Prompt:
Your output must match the records exactly, line for line.

** Opening Task data block **

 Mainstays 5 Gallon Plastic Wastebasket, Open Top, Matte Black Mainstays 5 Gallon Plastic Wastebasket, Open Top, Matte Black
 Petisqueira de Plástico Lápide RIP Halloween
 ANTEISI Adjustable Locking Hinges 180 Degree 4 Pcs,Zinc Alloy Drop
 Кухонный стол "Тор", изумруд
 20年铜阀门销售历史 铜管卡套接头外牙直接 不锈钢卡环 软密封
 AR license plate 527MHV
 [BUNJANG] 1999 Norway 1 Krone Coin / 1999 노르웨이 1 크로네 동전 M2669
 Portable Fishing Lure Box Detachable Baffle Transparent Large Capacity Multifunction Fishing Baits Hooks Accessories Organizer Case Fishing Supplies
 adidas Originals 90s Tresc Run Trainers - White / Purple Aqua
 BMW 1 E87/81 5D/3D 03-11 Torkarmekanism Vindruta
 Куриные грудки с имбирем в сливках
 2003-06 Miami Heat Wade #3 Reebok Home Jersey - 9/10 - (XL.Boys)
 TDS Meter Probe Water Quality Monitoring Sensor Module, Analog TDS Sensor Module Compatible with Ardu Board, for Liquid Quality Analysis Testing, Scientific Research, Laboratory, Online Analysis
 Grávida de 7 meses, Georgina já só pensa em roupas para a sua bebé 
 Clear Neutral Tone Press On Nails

** Closing Task data block **

Answer box:
 Mainstays 5 Gallon Plastic Wastebasket, Open Top, Matte Black Mainstays 5 Gallon Plastic Wastebasket, Open Top, Matte Black
 Petisqueira de Plástico Lápide RIP Halloween
 ANTEISI Adjustable Locking Hinges 180 Degree 4 Pcs,Zinc Alloy Drop
 Кухонный стол "Тор", изумруд
 20年铜阀门销售历史 铜管卡套接头外牙直接 不锈钢卡环 软密封
 AR license plate 527MHV
 [BUNJANG] 1999 Norway 1 Krone Coin / 1999 노르웨이 1 크로네 동전 M2669
 Portable Fishing Lure Box Detachable Baffle Transparent Large Capacity Multifunction Fishing Baits Hooks Accessories Organizer Case Fishing Supplies
 adidas Originals 90s Tresc Run Trainers - White / Purple Aqua
 BMW 1 E87/81 5D/3D 03-11 Torkarmekanism Vindruta
 Куриные грудки с имбирем в сливках
 2003-06 Miami Heat Wade #3 Reebok Home Jersey - 9/10 - (XL.Boys)
 TDS Meter Probe Water Quality Monitoring Sensor Module, Analog TDS Sensor Module Compatible with Ardu Board, for Liquid Quality Analysis Testing, Scientific Research, Laboratory, Online Analysis
 Grávida de 7 meses, Georgina já só pensa em roupas para a sua bebé 
 Clear Neutral Tone Press On Nails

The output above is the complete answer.